Pipecat → OpenObserve

Capture per-turn LLM spans, token usage, and pipeline stage latency for every Pipecat voice agent interaction. Pipecat is a Python framework for building real-time voice and multimodal AI pipelines. Instrument it by wrapping LLM service calls with manual OTel spans and using the OpenAI instrumentor for the underlying model calls.

Prerequisites

Python 3.10+
An OpenObserve account (cloud or self-hosted)
Your OpenObserve organisation ID and Base64-encoded auth token
An OpenAI API key

Installation

pip install openobserve-telemetry-sdk openinference-instrumentation-openai \
  "pipecat-ai[openai]" opentelemetry-api python-dotenv

Configuration

Create a .env file in your project root:

OPENOBSERVE_URL=https://api.openobserve.ai/
OPENOBSERVE_ORG=your_org_id
OPENOBSERVE_AUTH_TOKEN=Basic <your_base64_token>
OPENAI_API_KEY=your-openai-api-key

Instrumentation

Call OpenAIInstrumentor().instrument() before importing Pipecat. Wrap the pipeline's LLM service handler in a manual span to capture Pipecat-level context alongside the automatic OpenAI spans.

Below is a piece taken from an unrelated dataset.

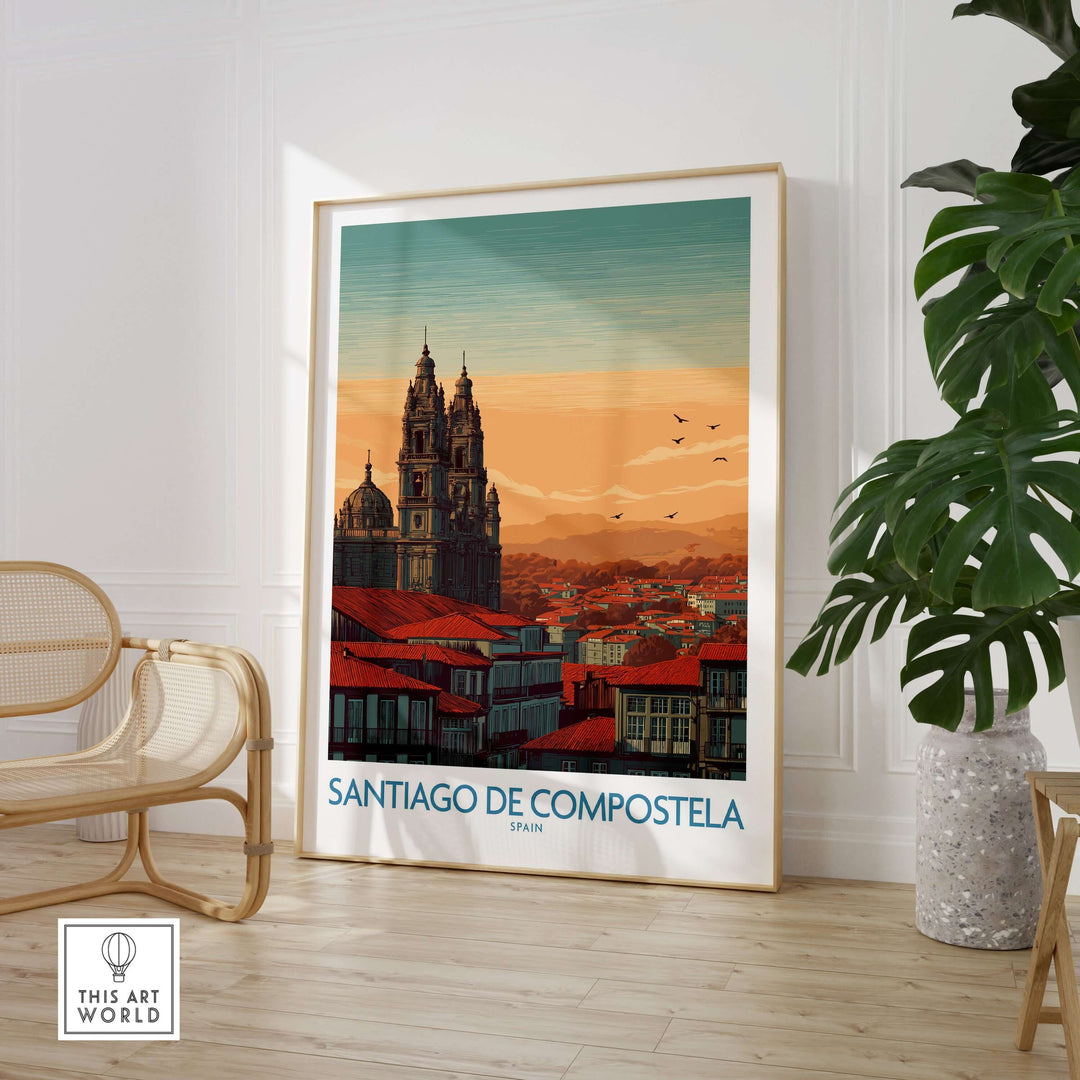 Santiago de Compostela Poster showcasing the city's skyline at sunset with vibrant colors and historic architecture.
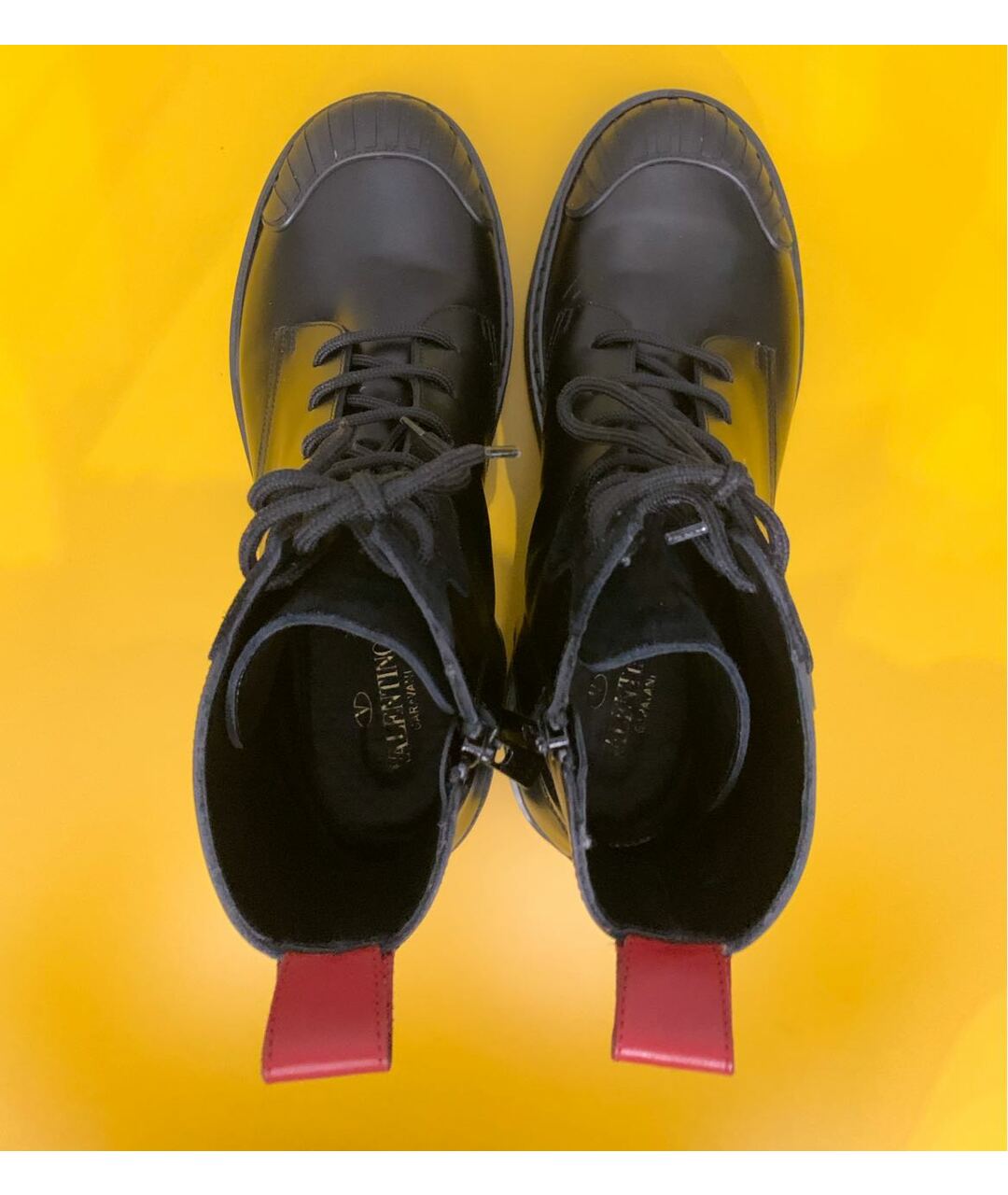 VALENTINO Черные кожаные высокие ботинки, фото 3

from dotenv import load_dotenv
load_dotenv()

from openinference.instrumentation.openai import OpenAIInstrumentor
from openobserve import openobserve_init

OpenAIInstrumentor().instrument()
openobserve_init()

from opentelemetry import trace
import os
import asyncio
from openai import AsyncOpenAI

tracer = trace.get_tracer(__name__)
client = AsyncOpenAI(api_key=os.environ["OPENAI_API_KEY"])

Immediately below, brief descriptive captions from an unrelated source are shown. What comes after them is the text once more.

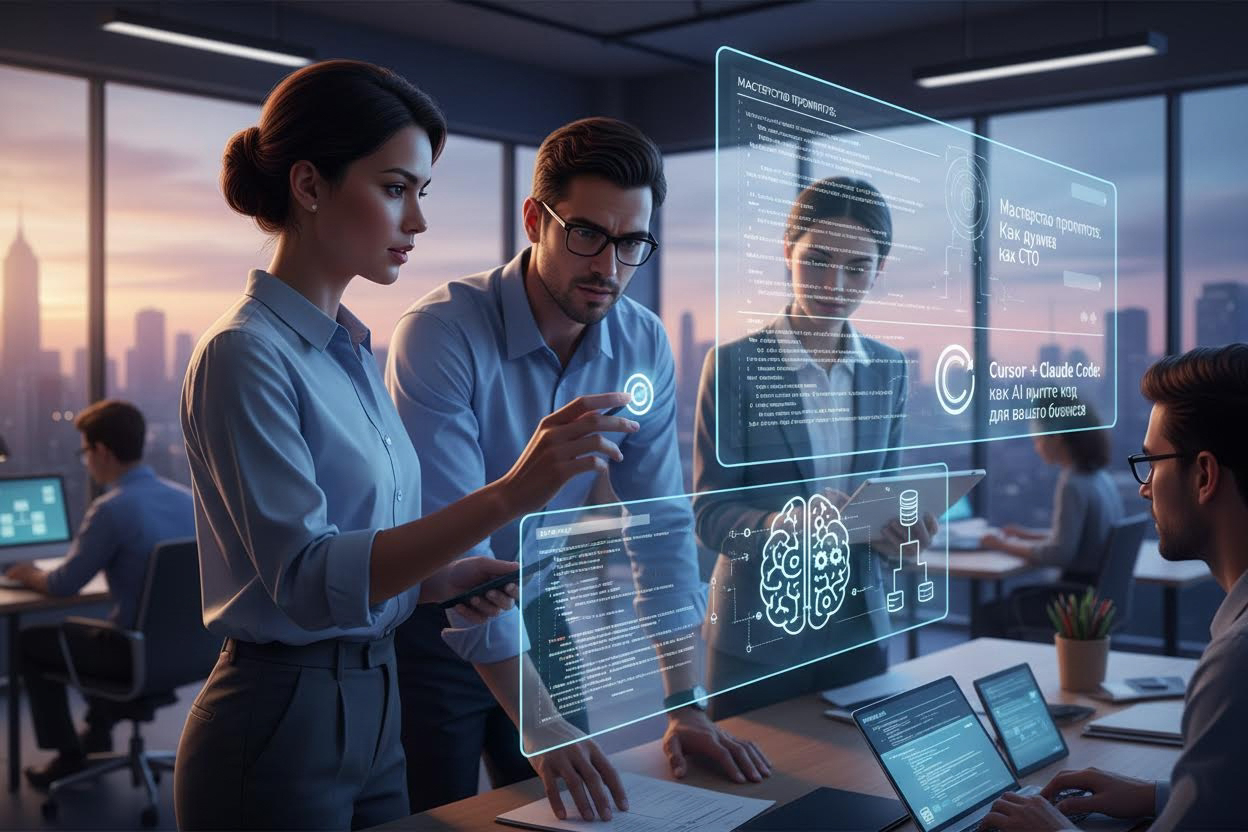 Editorial section illustration for "Мастерство промптов: Как думать как CTO" in context of "Cursor + Claude Code: как AI пишет код для вашего бизнеса". Subject-focused composition, realistic business environment, crisp details, natural contrast, no text, no watermark, no logo, no empty background, 16:9.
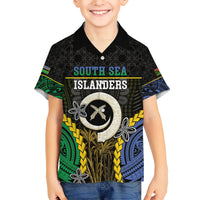 Personalised South Sea Islanders And Vanuatu Family Matching Short Sleeve Bodycon Dress and Hawaiian Shirt Kanakas Sand Drawing Pattern LT05 Son's Shirt Black - Polynesian Pride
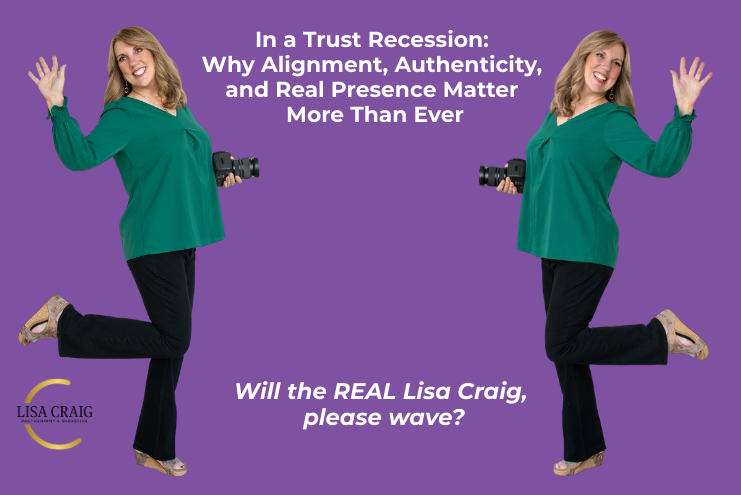 Real and AI-generated images of brand photographer Lisa Craig shown side by side to illustrate authenticity versus artificial perfection.
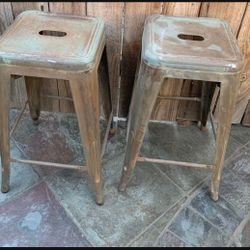 Beautiful  Vintage Set Two Metal Bar Stool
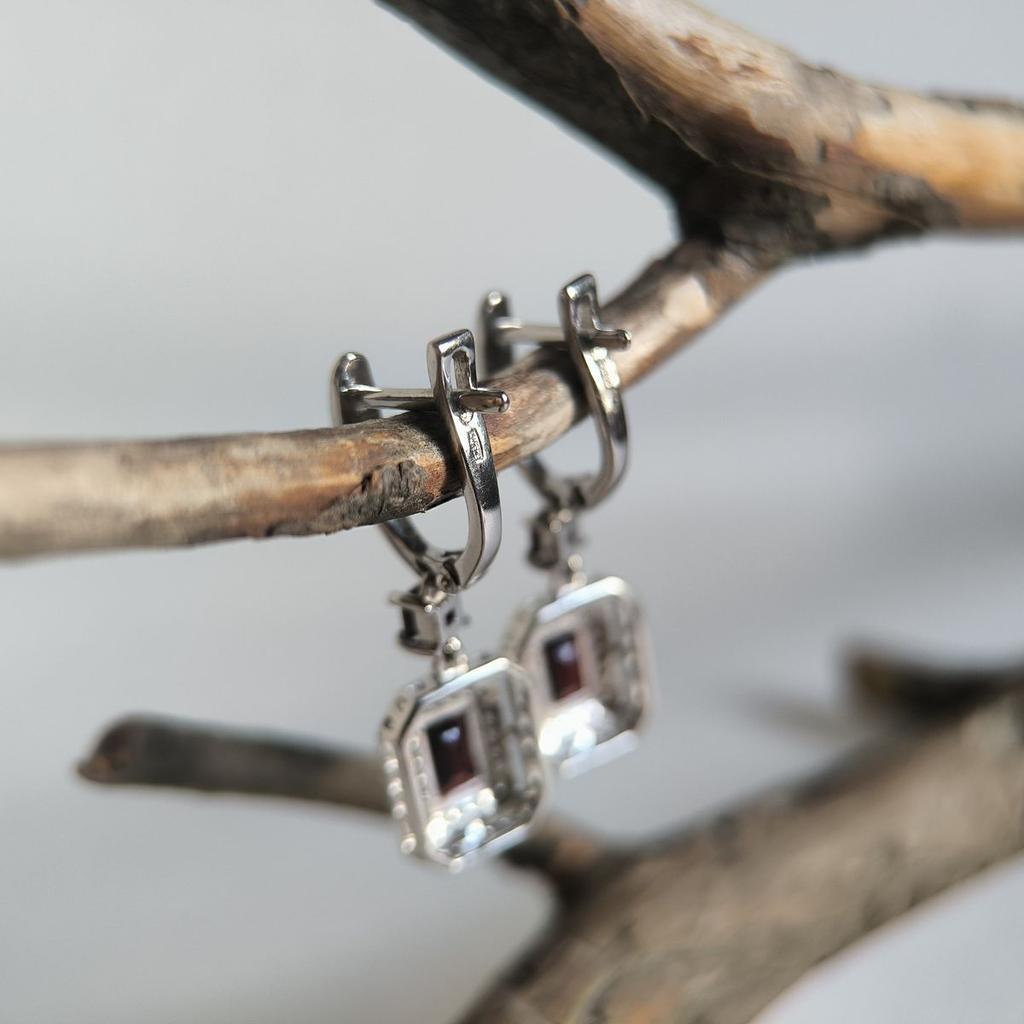 Серебряные серьги с натуральным гранатом 3.301ct (2195856)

async def pipeline_turn(user_message: str) -> str:
    with tracer.start_as_current_span("pipecat.llm_service") as span:
        span.set_attribute("pipecat.service", "OpenAILLMService")
        span.set_attribute("pipecat.model", "gpt-4o-mini")
        span.set_attribute("pipecat.user_message", user_message[:200])
        response = await client.chat.completions.create(
            model="gpt-4o-mini",
            messages=[{"role": "user", "content": user_message}],
            max_tokens=200,
        )
        reply = response.choices[0].message.content
        span.set_attribute("pipecat.assistant_message", reply[:200])
        span.set_attribute("pipecat.prompt_tokens", response.usage.prompt_tokens)
        span.set_attribute("pipecat.completion_tokens", response.usage.completion_tokens)
        return reply

async def main():
    reply = await pipeline_turn("Explain distributed tracing in one sentence.")
    print(reply)

asyncio.run(main())

What Gets Captured

Two span types appear for each turn:

Attribute	Description
`pipecat_service`	LLM service class name (e.g. `OpenAILLMService`)
`pipecat_model`	Model used for this turn
`pipecat_user_message`	User input text
`pipecat_assistant_message`	LLM reply text
`pipecat_prompt_tokens`	Prompt tokens for this turn
`pipecat_completion_tokens`	Completion tokens for this turn
`llm_model_name`	Resolved model name (from OpenAI instrumentor child span)
`llm_token_count_prompt`	Prompt tokens (from OpenAI instrumentor child span)
`llm_token_count_completion`	Completion tokens (from OpenAI instrumentor child span)
`duration`	Per-turn latency
`span_status`	`OK` or error status

Viewing Traces

Log in to OpenObserve and navigate to Traces
Each pipeline turn appears as a pipecat.llm_service root span with a child LLM span
Filter by pipecat.service to compare different LLM service configurations
Sort by duration to find the slowest turns

Pipecat trace in OpenObserve

Next Steps

With Pipecat instrumented, every voice pipeline turn is recorded in OpenObserve. From here you can monitor turn latency, track cumulative token usage per session, and alert on slow or failed turns.